**Excerpted records**
════════════════

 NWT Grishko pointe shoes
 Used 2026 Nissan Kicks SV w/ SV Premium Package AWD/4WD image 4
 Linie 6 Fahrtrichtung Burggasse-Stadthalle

════════════════

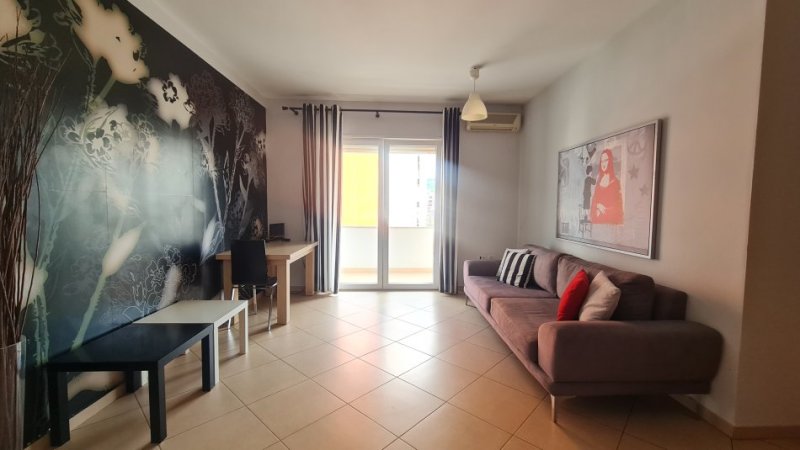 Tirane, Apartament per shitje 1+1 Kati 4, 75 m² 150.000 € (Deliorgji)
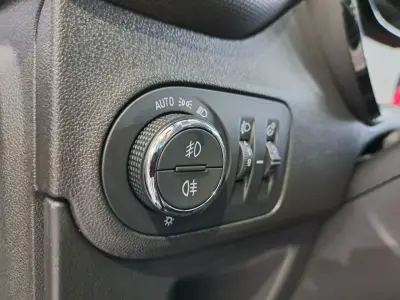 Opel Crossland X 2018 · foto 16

════════════════

**Work required**
Print exactly the lines above, between the one holding "Used 2026 Nissan" and the one holding "Linie 6 Fahrtrichtung Burggasse-Stadthalle", inclusive, and nothing besides.

**Solution for this task**
 Used 2026 Nissan Kicks SV w/ SV Premium Package AWD/4WD image 4
 Linie 6 Fahrtrichtung Burggasse-Stadthalle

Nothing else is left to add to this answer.